A Place in History

Inhabited since prehistoric times, Koufonissia were centers of the Cycladic Civilization – as proven by the archaeological finds in the Epano Myli area of Ano Koufonissi.

A frying pan-shaped vessel, with a nine point star carved on it, is considered the most important of these finds- kept at the Naxos Archaeological Museum.

Two Protocycladic settlements have been found on Ano Koufonissi, the first on the eastern side of the present-day village and the second near the chapel of Agios Nikolaos, at Potamia position. The only excavation that has been carried out at Kato Koufonissi is at a position of the later Cycladic period.

Nevertheless, finds on the ground surface prove the existence of Protocycladic housing and burial installations at Panagia and Nero – at the northern and southern parts of the isle respectively.

The ancient names of Koufonissia are not known with certainty, even though they are referred to as “Fakkoussae Islands” in the Corpus of Inscriptions.

The sea area between Ano and Kato Koufonissi was known as Kofos Limin (Deaf Harbor) – a name that defines a location that is sheltered and secure.

Apart from two Roman burial inscriptions, kept today at the Archaeological Collection of Chora, Amorgos, there are no written sources referring to the inhabitation of the isles in historical times.

Nevertheless, broken fragments of Roman vessels have been found and housing remains are still visible at Loutra position, next to the sea. The finds on presently uninhabited Keros, the isle opposite Koufonissia, are significant.

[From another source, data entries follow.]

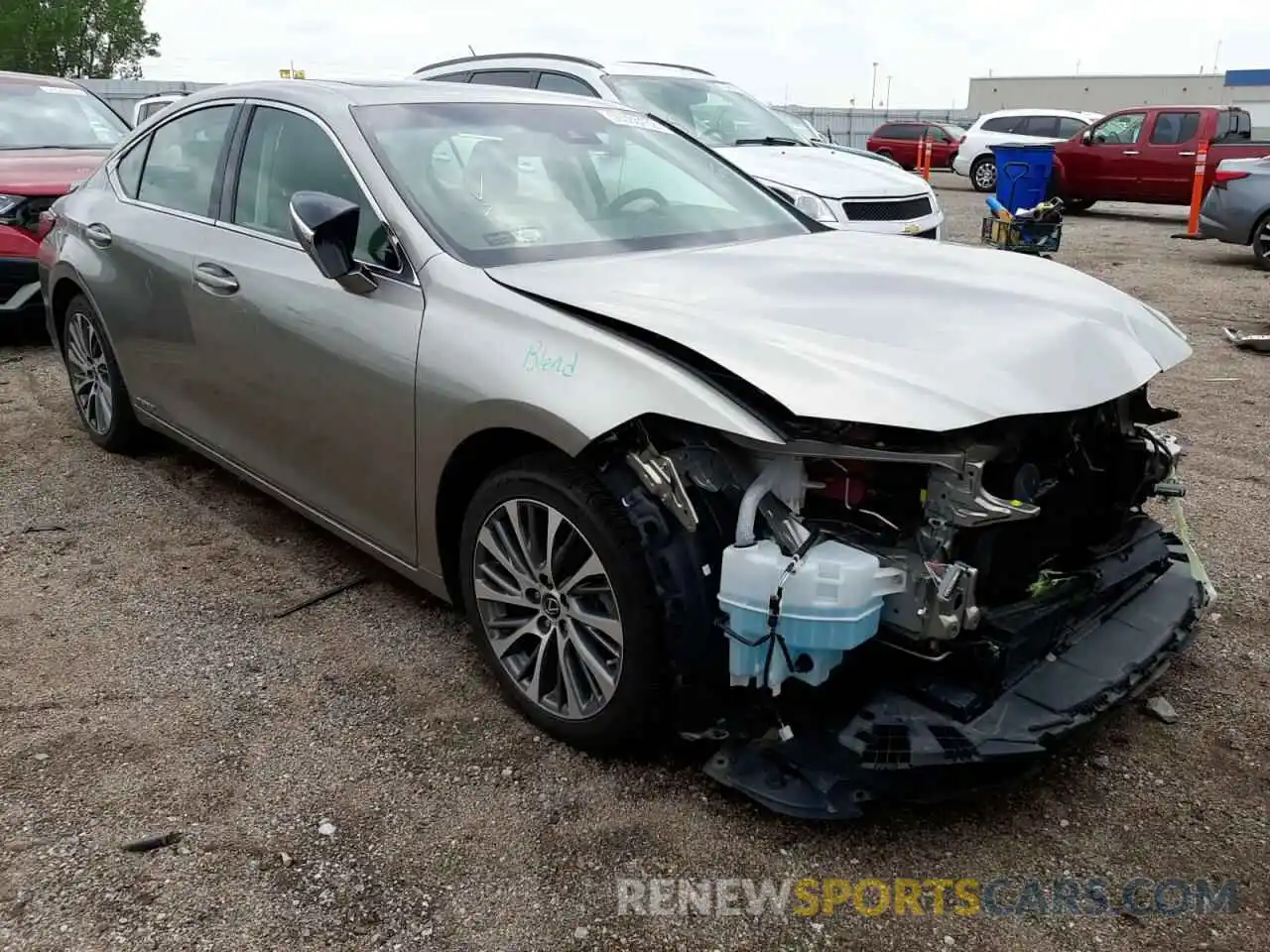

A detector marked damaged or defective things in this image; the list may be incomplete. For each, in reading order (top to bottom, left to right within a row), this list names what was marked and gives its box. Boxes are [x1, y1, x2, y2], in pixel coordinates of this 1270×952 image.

crumpled car hood [715, 143, 935, 197]
damaged silver sedan [37, 79, 1208, 822]
crumpled car hood [484, 230, 1189, 431]
detached bumper cover [705, 540, 1208, 822] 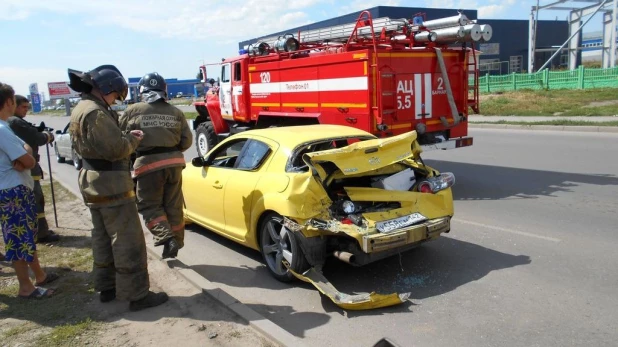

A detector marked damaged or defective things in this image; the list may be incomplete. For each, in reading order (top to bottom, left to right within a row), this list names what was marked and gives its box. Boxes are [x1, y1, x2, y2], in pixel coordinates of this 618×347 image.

wrecked yellow car [183, 125, 452, 310] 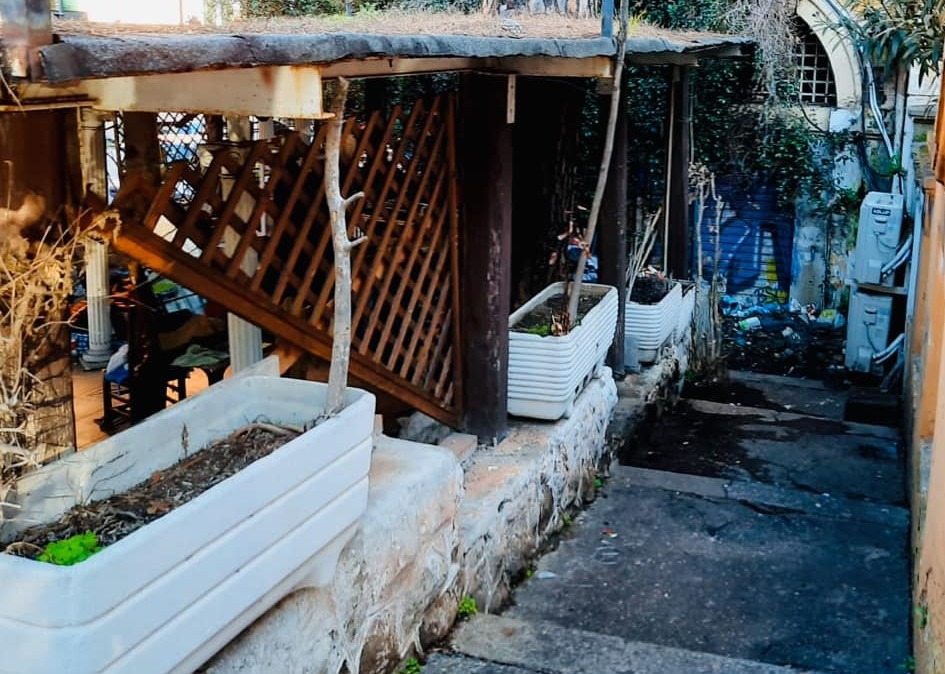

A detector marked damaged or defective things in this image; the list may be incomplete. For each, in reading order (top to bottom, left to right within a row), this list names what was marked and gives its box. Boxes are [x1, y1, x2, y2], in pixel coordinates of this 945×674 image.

rusted metal frame [139, 161, 187, 231]
rusted metal frame [172, 152, 228, 247]
rusted metal frame [198, 140, 270, 264]
rusted metal frame [225, 135, 298, 276]
rusted metal frame [109, 220, 458, 426]
rusted metal frame [254, 129, 324, 292]
rusted metal frame [288, 116, 362, 316]
rusted metal frame [346, 101, 428, 330]
rusted metal frame [356, 101, 440, 352]
rusted metal frame [366, 105, 448, 362]
rusted metal frame [380, 138, 450, 368]
rusted metal frame [396, 198, 452, 378]
rusted metal frame [412, 260, 454, 388]
rusted metal frame [444, 92, 462, 412] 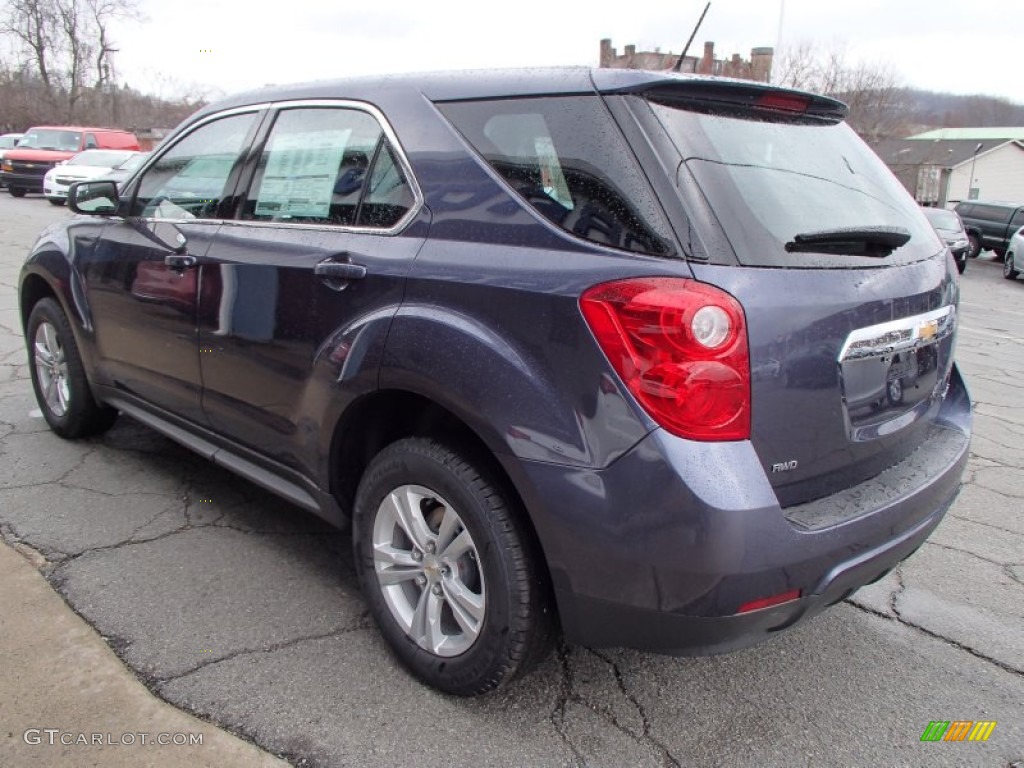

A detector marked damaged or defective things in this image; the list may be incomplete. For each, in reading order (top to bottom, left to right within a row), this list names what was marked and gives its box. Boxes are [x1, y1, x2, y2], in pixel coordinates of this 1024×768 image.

cracked asphalt pavement [0, 195, 1019, 765]
pavement crack [153, 626, 370, 684]
pavement crack [589, 651, 684, 765] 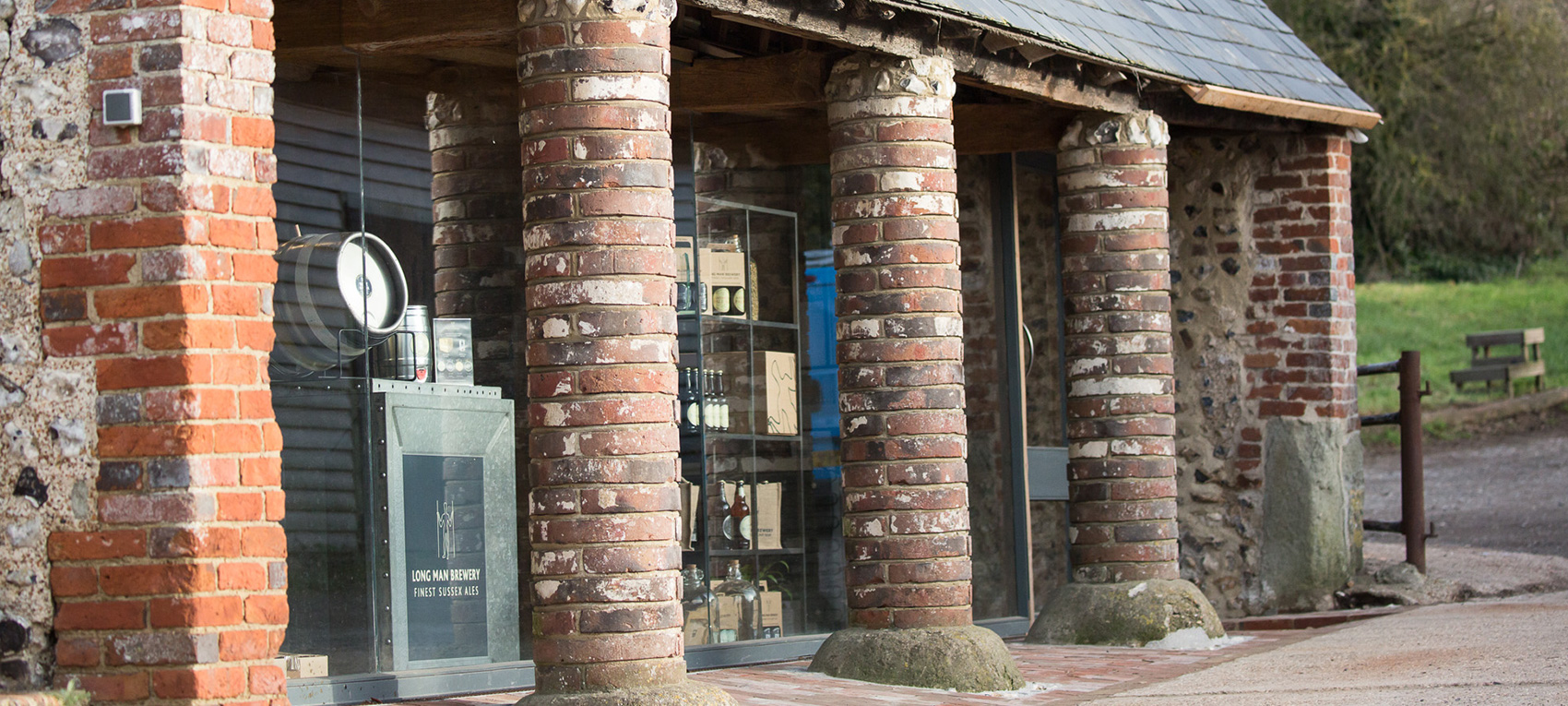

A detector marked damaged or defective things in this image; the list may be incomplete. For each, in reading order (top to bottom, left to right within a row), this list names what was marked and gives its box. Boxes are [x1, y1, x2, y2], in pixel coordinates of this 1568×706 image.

rusted metal post [1405, 350, 1430, 577] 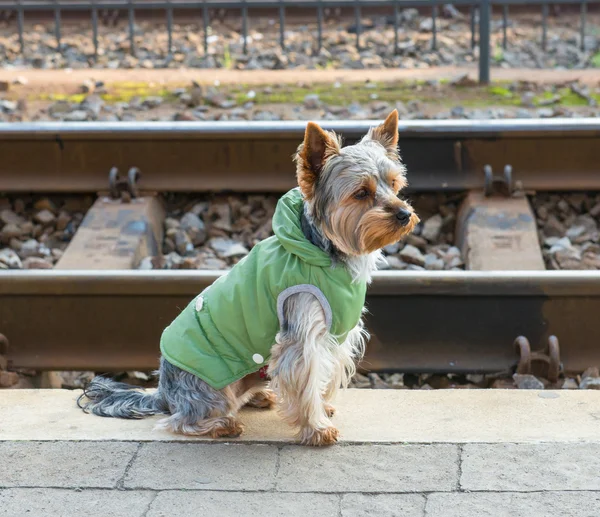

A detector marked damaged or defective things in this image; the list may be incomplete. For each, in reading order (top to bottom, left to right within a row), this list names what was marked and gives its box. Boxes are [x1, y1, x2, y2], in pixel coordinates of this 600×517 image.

rusty rail [1, 119, 600, 194]
rusty rail [1, 268, 600, 372] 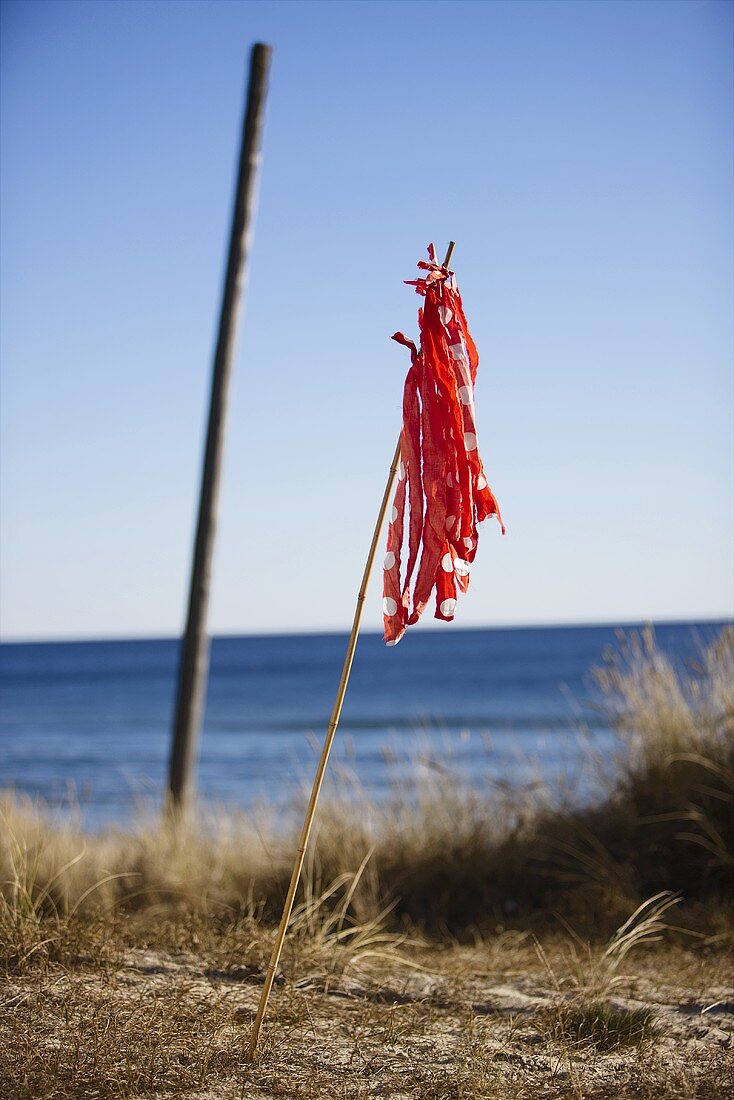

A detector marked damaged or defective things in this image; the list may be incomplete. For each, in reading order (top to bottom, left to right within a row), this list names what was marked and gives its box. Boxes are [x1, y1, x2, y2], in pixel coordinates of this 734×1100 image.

In antiquity it was called Keria and the first reference to this name dates to 425 BC, on an inscription of the taxpaying allies of the Athenian Republic. According to the inscription, the isle was inhabited during Classical antiquity. During the Middle Ages until the establishment of the new Greek state it was used as a base for pirates.

The oldest known archaeological reference is that of U. Kohler (1884), who attributes to a tomb on the island (but without determining the precise location) the two famous figurines kept at the National Archaeological Museum in Athens, of the harpist and of the flute player, together with two female figurines of the common type with folded arms – which we now know to belong to the Protocycladic II period.

One more harpist’s figurine, at the Metropolitan Museum of New York today, is thought to originate in Keros, while the large head of another figurine is exhibited at the Louvre, Paris.

The rest of the history of Koufonissia is in common with that of the rest of the Cyclades. They came under the occupation of the Venetians and the Turks who clashed several times, mainly in the 17th century, for control of the Aegean islands.

The inhabitants, sometimes out of need and other times out of option, often collaborated with Maniots (from the Peloponnesian district of Mani) or other pirates who used the strait between Ano and Kato Koufonissi as a safe haven. The two isles were liberated and incorporated into the modern Greek state with the rest of the Cyclades in 1830.